The sizes prop is the most important thing you control — next/image uses sizes to decide which srcset variant to download. If you lie here (or use the default 100vw for a 400 px thumbnail), the browser fetches a 1200 px image for a 400 px slot. Use real breakpoints. For a two-column card grid that goes full-width below 768 px:
sizes="(min-width: 768px) 50vw, 100vw"For a max-width-1280 container:
sizes="(min-width: 1280px) 1200px, 100vw"For a fixed 80 px avatar that never changes size:
sizes="80px"Getting this wrong doesn't cause CLS, but it causes LCP regression and wastes bandwidth — which is why it belongs in the same conversation as dimension handling.
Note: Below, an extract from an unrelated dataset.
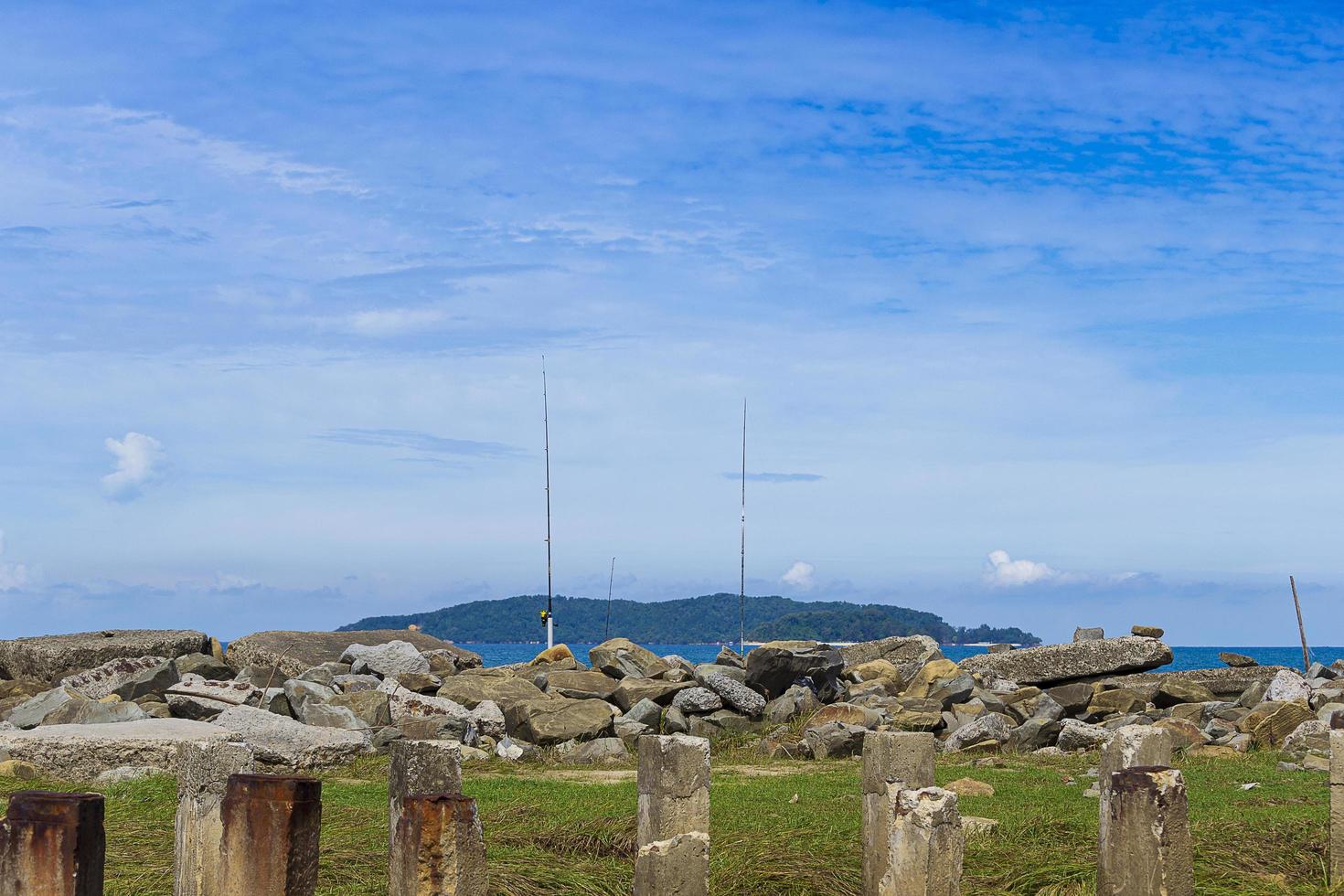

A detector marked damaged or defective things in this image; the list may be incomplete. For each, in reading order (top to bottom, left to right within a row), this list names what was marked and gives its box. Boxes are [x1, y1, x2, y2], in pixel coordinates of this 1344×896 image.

Checking your work in the browser
Open DevTools Network tab, filter by Img, and look at the w= parameter in the Sanity CDN URL next/image requests. It should be close to the actual rendered pixel width × device pixel ratio. If you see w=3840 for a 400 px card, your sizes is wrong. If the image jumps down when it loads, aspectRatio isn't being set — check that croppedDimensions is returning non-zero values and that the wrapper div has position: relative.
You can also run Lighthouse with CPU throttling and watch for CLS attributed to images. A correctly configured <SanityImage> should contribute 0 to CLS on any layout.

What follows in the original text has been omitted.